A way to "ping" the dime-server to see if it's running, and there is network access.

Endpoint: /ping

Method: GET or POST

Authentication: not needed

Returns: A dummy JSON object.

Python example (using the requests library):

r = requests.post(server_url + '/ping',
                  timeout=10)         # e.g. in case of network problems
ok = r.status_code == requests.codes.ok

Example of response:

{
  "message": "pong"
}

Upload event

To upload an event from a logger to be stored in the DiMe server for the authenticated user.

This is the main way that applications and loggers insert time-specific data into DiMe, e.g. "the user has looked at a document", "the user's pulse is so-and-so". Some events contain linked InformationElements, such as the document that was looked at.

Endpoint: /data/event

Method: POST

Authentication: required

Returns: the uploaded JSON object as it was inserted (some fields, in particular the unique id, may be modified or added in the server)

The POST data is the JSON of the event being uploaded. It is important that it has a '@type' property that specifies the data type of the event, the data type should be one of the event classes in DiMe, which are documented in the separate DiMe data page.

Here is a Python example for a SearchEvent, which is sent to the /api/data/searchevent end point. A full working example can be found in the git repository.
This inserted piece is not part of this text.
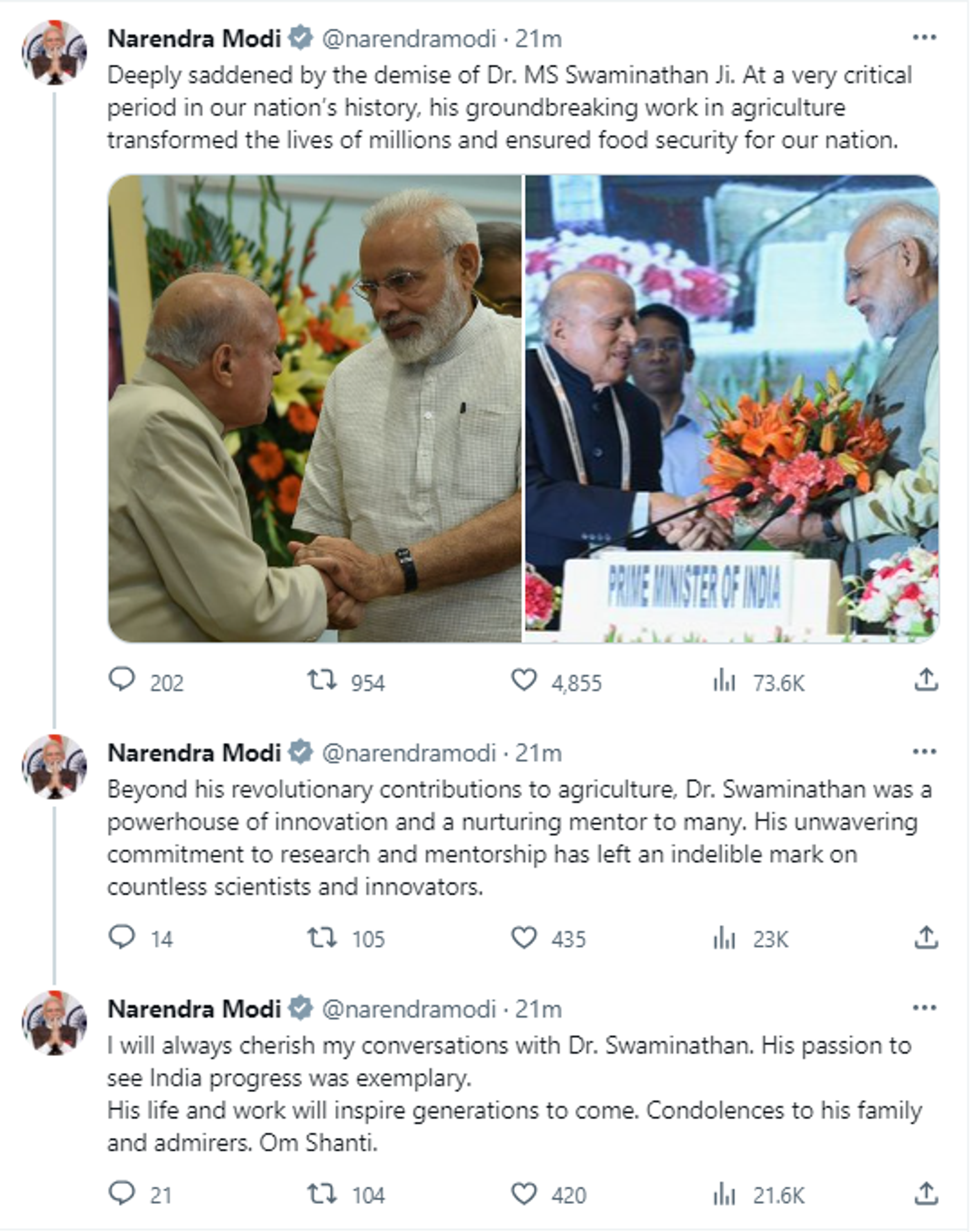Prime Minister Narendra Modi mourns the demise of the father of India’s ‘Green Revolution,’ Mankombu Sambasivan Swaminathan (M.S. Swaminathan). - Sputnik India, 1920, 28.09.2023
# Set all the standard event fields
payload = {
    '@type':    'SearchEvent'
    'actor':    'logger-example',
    'origin':   'my_machine.hiit.fi',
    'type':     'http://www.hiit.fi/ontologies/dime/#ExampleSearchEvent',
    'start':    '2015-05-08T14:03:42+0300',
    'duration': 0,
	'query':    'dummy search'
}

requests.post(server_url + '/data/event',
                         data=json.dumps(payload),
                         headers={'content-type': 'application/json'},
                         auth=(server_username, server_password),
                         timeout=10)

Upload many events at once

In some situations you may need to upload many events at once, for example if your application generates several events per second it doesn't make sense to establish a new HTTP connection every time.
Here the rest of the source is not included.